(AIM OF THE TASK)
Exactly as they stand, copy the lines from the one containing "Renault Megane view 12" to the final line of the data; leave out the pictures.

Image-caption web data:

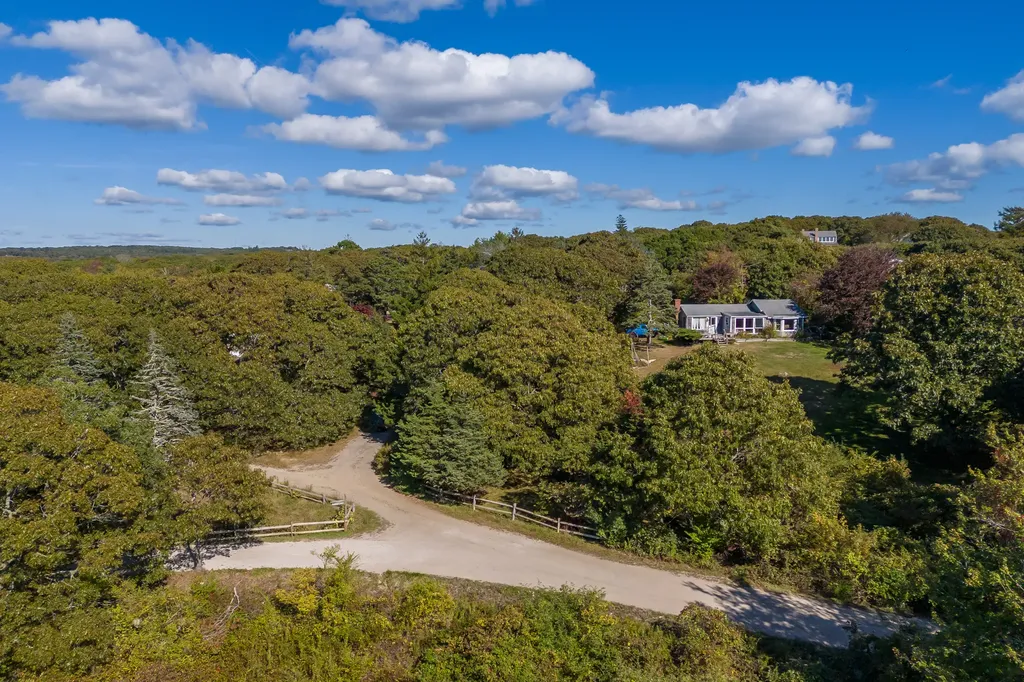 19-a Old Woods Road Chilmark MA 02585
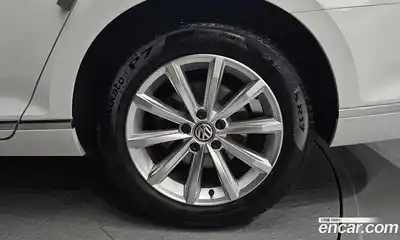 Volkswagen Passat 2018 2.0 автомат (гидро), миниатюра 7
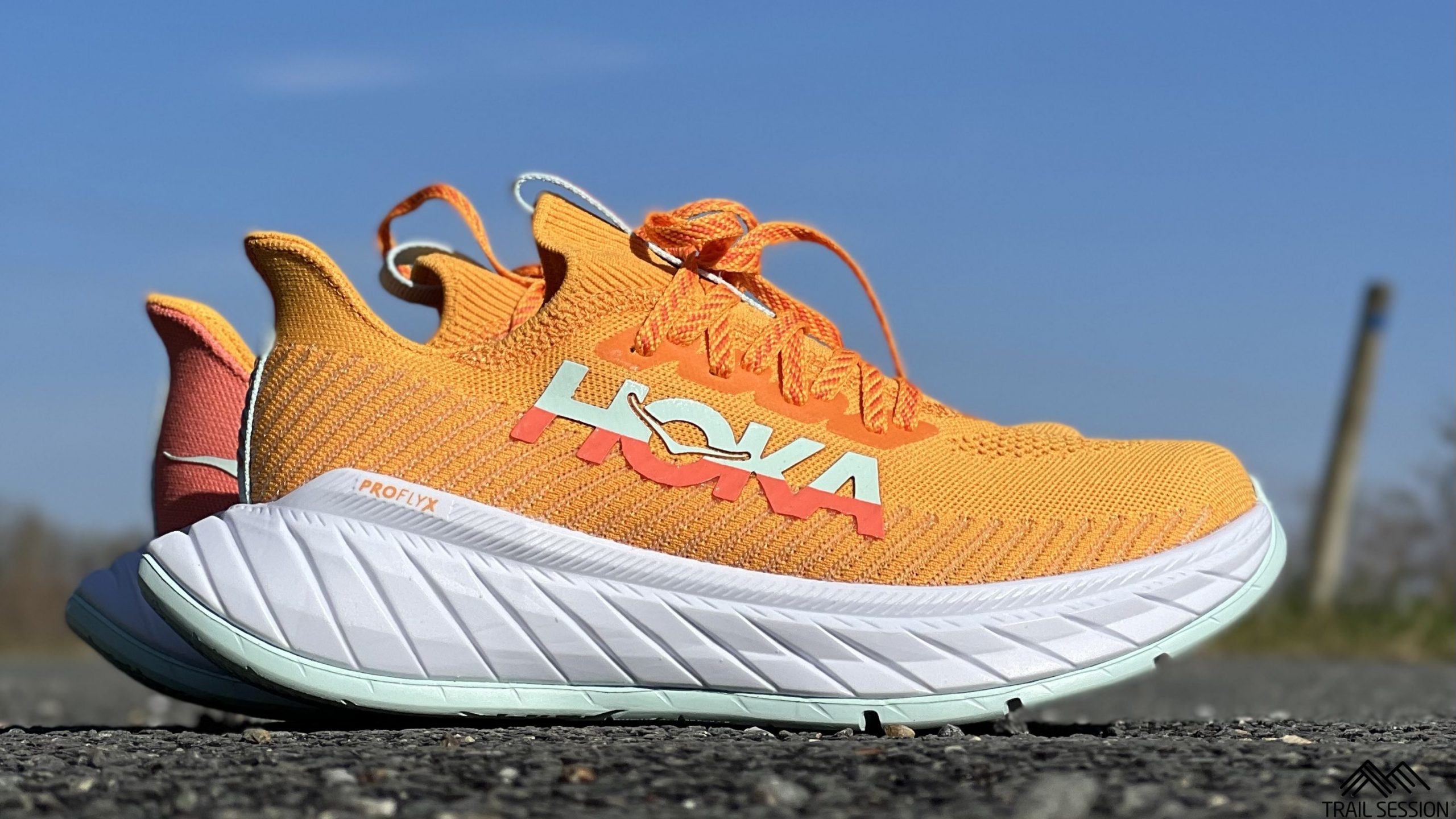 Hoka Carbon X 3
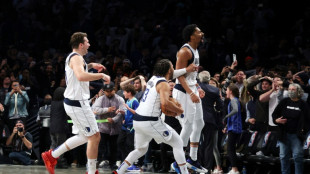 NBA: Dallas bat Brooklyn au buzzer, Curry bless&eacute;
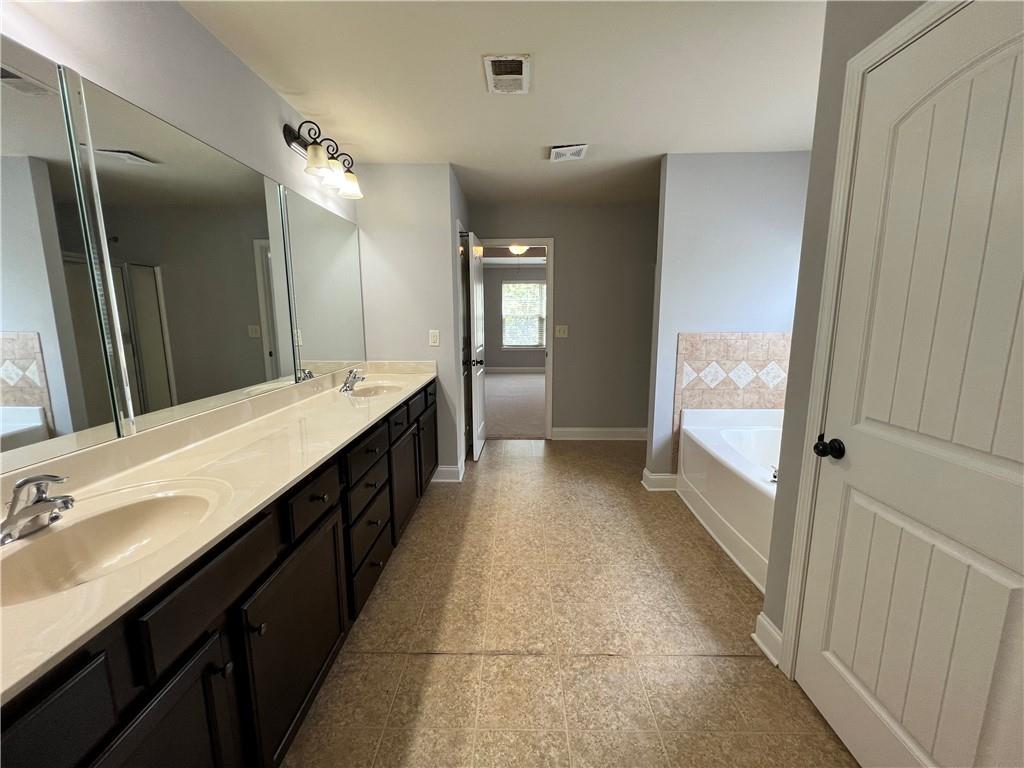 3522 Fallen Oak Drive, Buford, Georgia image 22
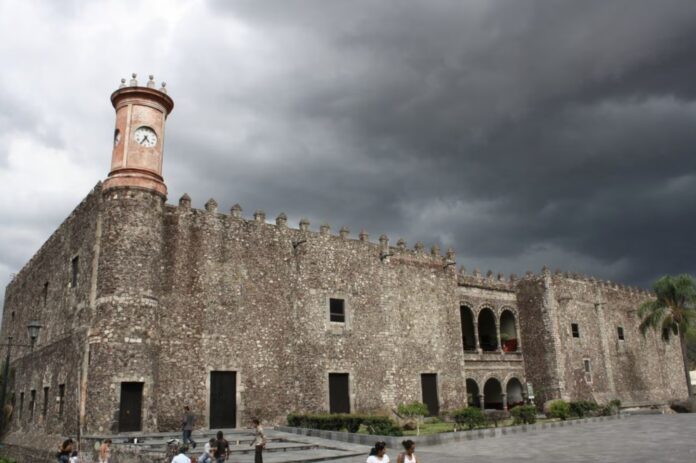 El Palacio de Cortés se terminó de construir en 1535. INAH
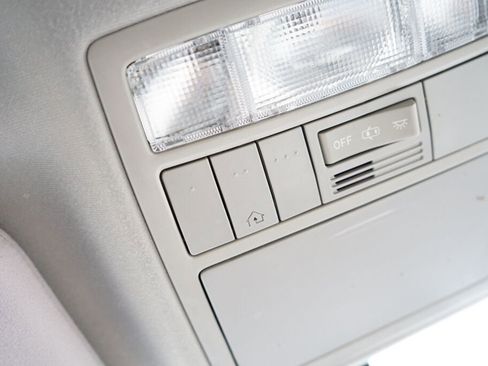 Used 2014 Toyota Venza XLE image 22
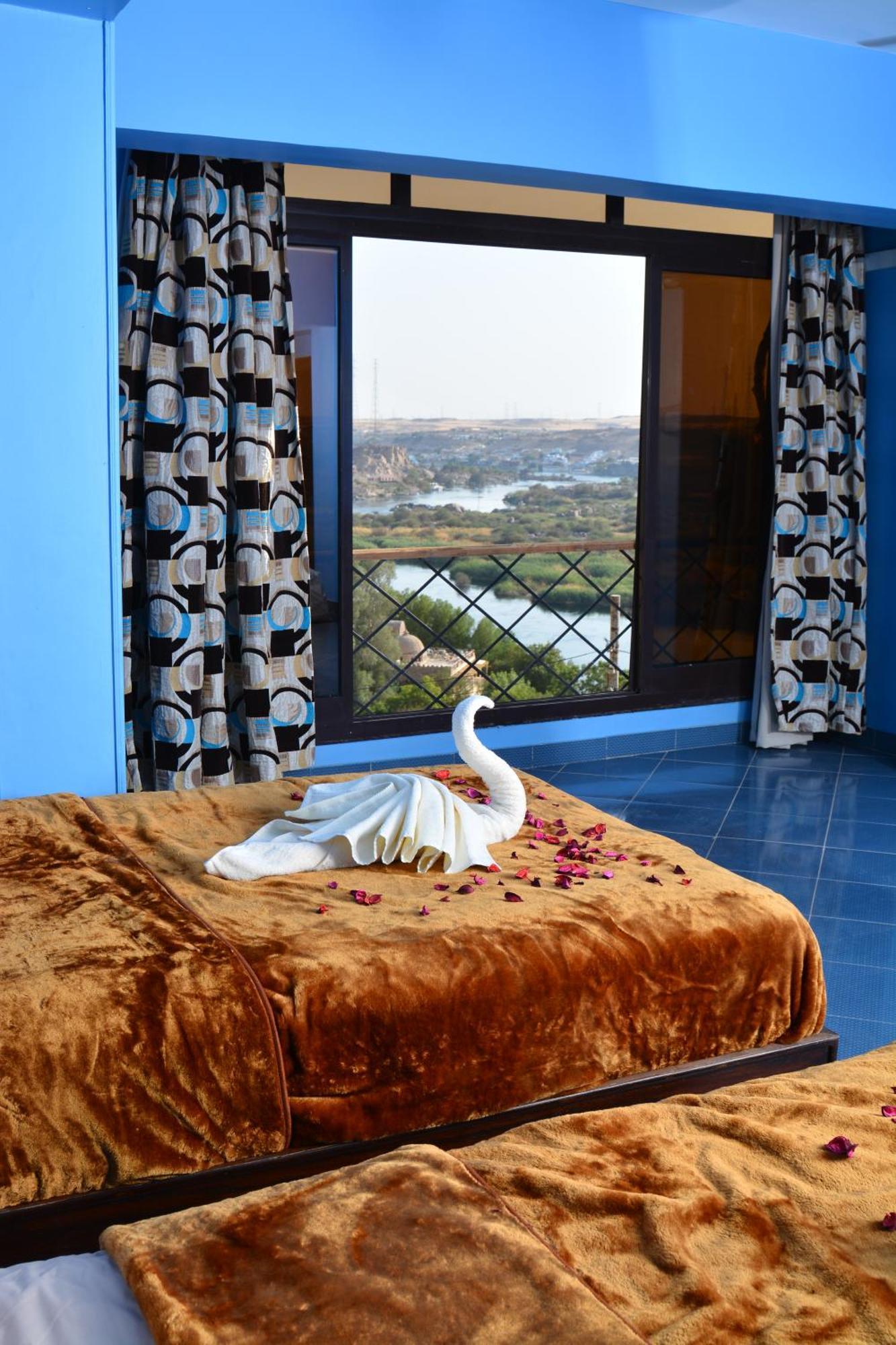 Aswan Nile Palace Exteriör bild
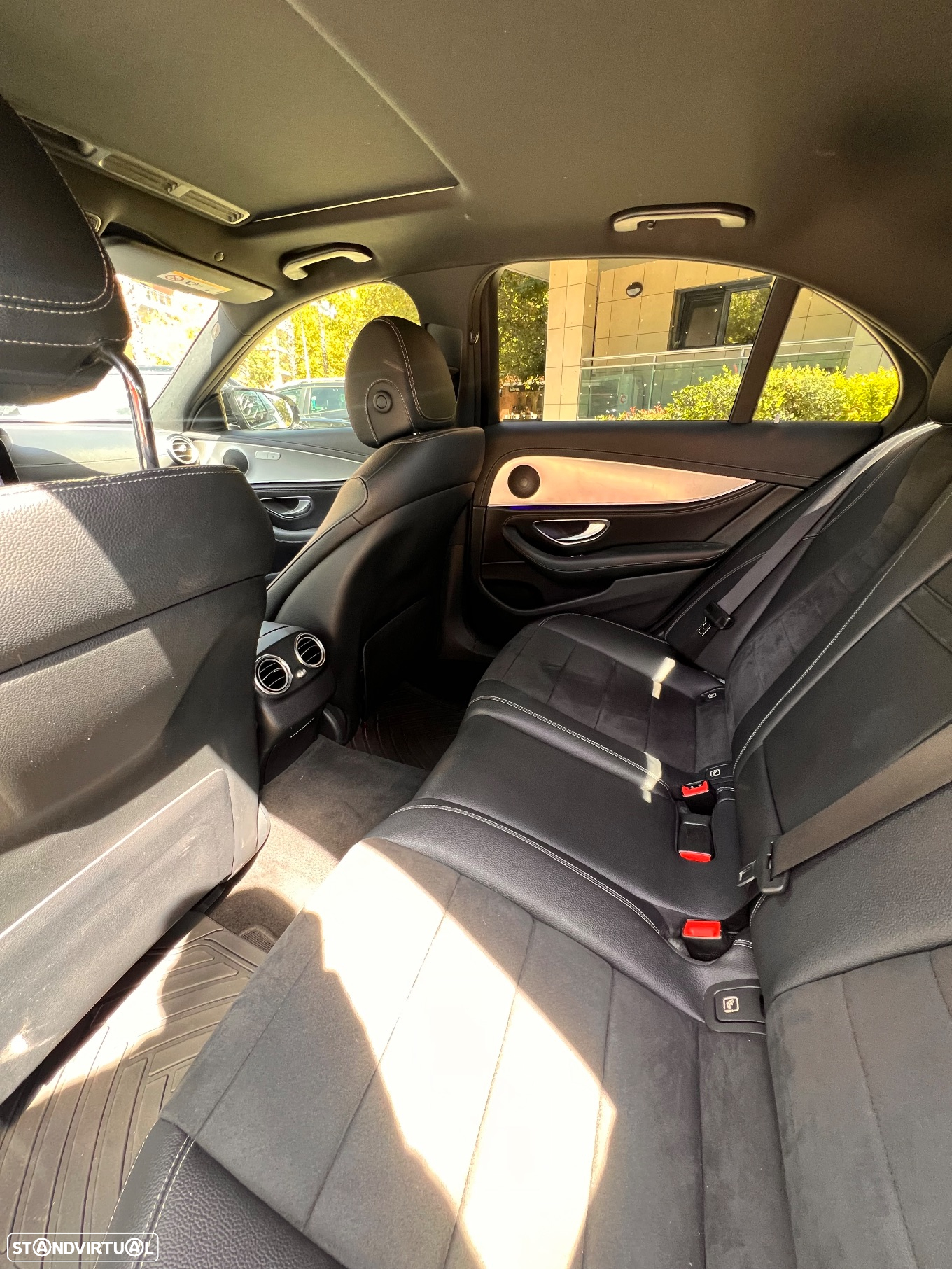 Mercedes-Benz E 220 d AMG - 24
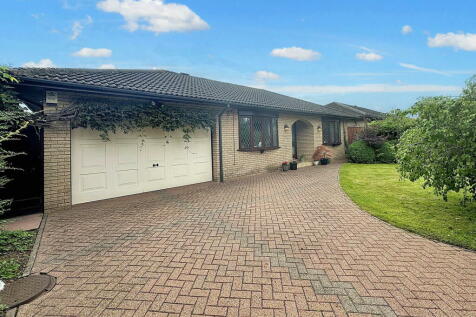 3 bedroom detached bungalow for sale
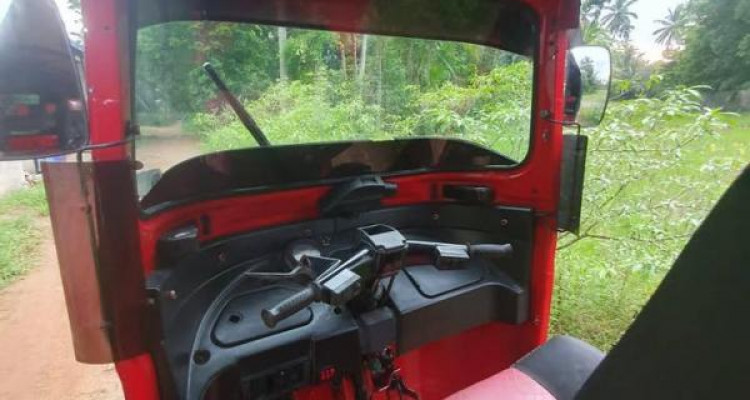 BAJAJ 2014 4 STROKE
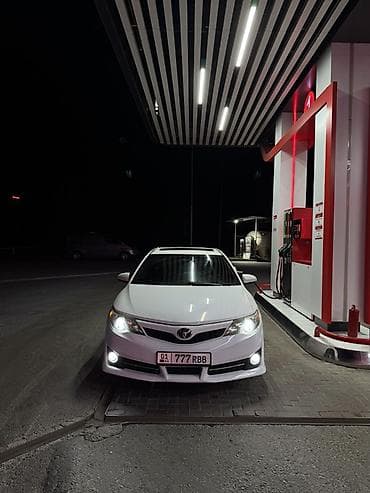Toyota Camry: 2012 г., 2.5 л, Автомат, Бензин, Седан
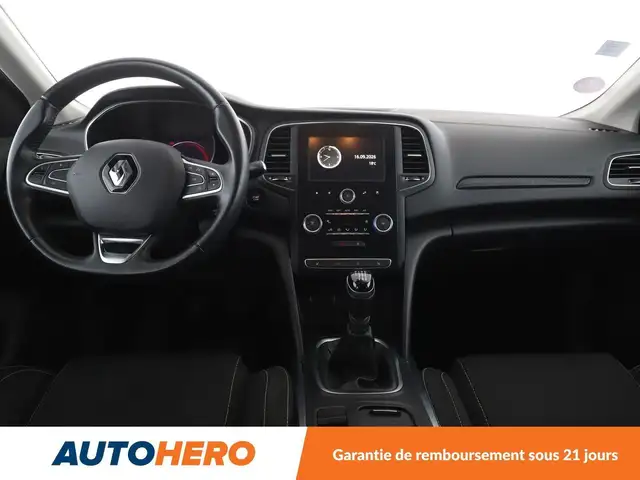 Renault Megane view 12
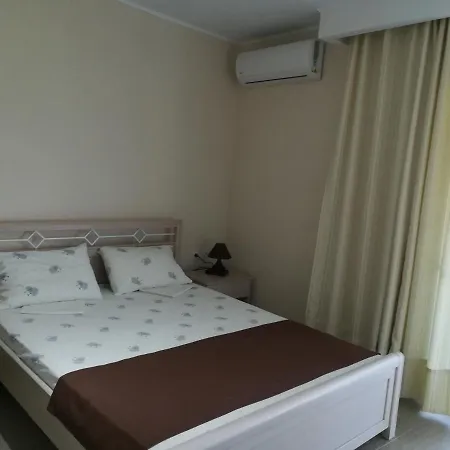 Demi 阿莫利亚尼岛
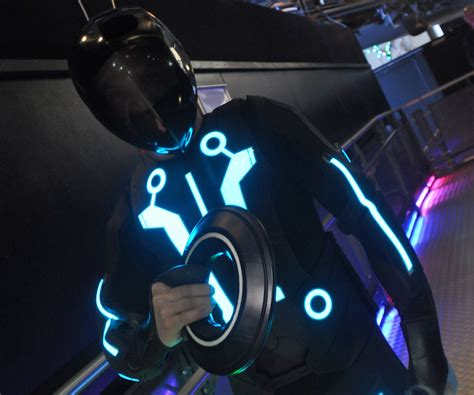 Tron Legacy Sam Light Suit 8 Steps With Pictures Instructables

(RESULT)
 Renault Megane view 12
 Demi 阿莫利亚尼岛
 Tron Legacy Sam Light Suit 8 Steps With Pictures Instructables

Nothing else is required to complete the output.